With a title like Space Vampires, Colin Wilson sets up certain expectations. For a while, these expectations are largely met: we have the creepy, vaguely Lovecraftian space vessel; the shockingly beautiful aliens in their glass tombs; and finally the first attack, where a man looking for a quick necrophiliac grope gets his just deserts and beyond. Carlsen’s initial encounter with the newly conscious female is the usual sort of thing, with him struggling to ward off her utterly perfect sexual attractiveness.
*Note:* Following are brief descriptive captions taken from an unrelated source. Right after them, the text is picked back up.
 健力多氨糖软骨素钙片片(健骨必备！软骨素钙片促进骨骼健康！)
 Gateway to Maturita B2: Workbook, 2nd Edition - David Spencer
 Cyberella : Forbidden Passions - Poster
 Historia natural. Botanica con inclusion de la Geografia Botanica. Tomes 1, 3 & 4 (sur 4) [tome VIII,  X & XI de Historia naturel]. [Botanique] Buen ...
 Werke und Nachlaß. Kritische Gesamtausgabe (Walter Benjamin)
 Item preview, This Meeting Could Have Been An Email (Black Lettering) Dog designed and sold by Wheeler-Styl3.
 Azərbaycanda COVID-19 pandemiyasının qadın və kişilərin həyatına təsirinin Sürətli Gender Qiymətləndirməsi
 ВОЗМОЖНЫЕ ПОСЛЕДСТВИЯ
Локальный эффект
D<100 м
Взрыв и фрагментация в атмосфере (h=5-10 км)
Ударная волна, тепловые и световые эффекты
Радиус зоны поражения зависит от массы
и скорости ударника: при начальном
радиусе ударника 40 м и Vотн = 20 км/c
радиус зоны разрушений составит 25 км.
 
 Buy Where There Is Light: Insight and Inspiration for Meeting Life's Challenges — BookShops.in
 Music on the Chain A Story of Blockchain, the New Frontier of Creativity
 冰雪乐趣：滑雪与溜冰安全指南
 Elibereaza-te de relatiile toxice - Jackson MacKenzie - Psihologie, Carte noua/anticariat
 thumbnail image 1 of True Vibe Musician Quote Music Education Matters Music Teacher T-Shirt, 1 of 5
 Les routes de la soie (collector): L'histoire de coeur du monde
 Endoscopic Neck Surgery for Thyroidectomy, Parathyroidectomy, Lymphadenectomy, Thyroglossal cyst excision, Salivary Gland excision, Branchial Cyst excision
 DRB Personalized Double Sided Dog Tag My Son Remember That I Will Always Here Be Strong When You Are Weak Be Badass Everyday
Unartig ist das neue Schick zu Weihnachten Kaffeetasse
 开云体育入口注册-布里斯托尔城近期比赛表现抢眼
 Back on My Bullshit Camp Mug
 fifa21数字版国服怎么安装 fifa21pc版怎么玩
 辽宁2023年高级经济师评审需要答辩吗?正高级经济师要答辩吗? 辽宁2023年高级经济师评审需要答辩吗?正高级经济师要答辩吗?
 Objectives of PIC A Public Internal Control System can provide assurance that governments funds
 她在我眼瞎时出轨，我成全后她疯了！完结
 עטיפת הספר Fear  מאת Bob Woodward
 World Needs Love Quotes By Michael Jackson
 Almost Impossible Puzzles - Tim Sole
(An aside: A nice idea here is that the female can’t force herself on him; he has to surrender to her, be willing to give up his life in order for her to be able to feed off of him. This is something often implied in vampire literature. In addition to the lore that a vampire must be invited into a house before it can entire, victims are almost always stricken by some sort of trance when attacked; after all, sucking someone’s entire blood supply takes time, and you can’t expect somebody to just stand there and let you do it unless you’ve made a pretty strong case for yourself. Carlsen’s battle here is explicit rather than implicit, and because of that, quite striking.

Odd, though. Because it is stressed that Carlsen’s resistance is based entirely on his “masculine training.” As if his idea of gentleman-hood is the only thing which keeps him from ripping of his clothes and jumping her. It’s an old-fashioned thread in a supposedly new-fashioned novel; I mention it here mainly because it soon becomes very obvious that Wilson puts a lot of faith in his conception the essential differences between masculine and feminine. The central concept of the novel rests on it.)

Anyway. The first thirty pages play exactly like you’d imagine they would, and after the female escapes from the lab, leaving Carlsen reeling and a dead body or two behind her, I thought I had a good idea of where the rest of the novel would go. The female would establish some sort of lair in the city, and use her beauty to draw victims in, who would become vampires themselves in turn, and the circle would grow wider, while Carlsen and Scotland Yard struggled to find the source of the contamination before it spread too far.

There might be variations on the above, enough to keep me reading, but there’s a basic structure at work here, a structure refined through a century’s worth of sci-fi horror novels. I was confident I knew the shape of things to come.

I was very wrong.

After the female leaves, Dr. Fallada enters the story, and brings with him a whole host of weirdness. And then, when Fallada and Carlsen fly off to spend some time with Dr. Geijerstam, things get seriously strange.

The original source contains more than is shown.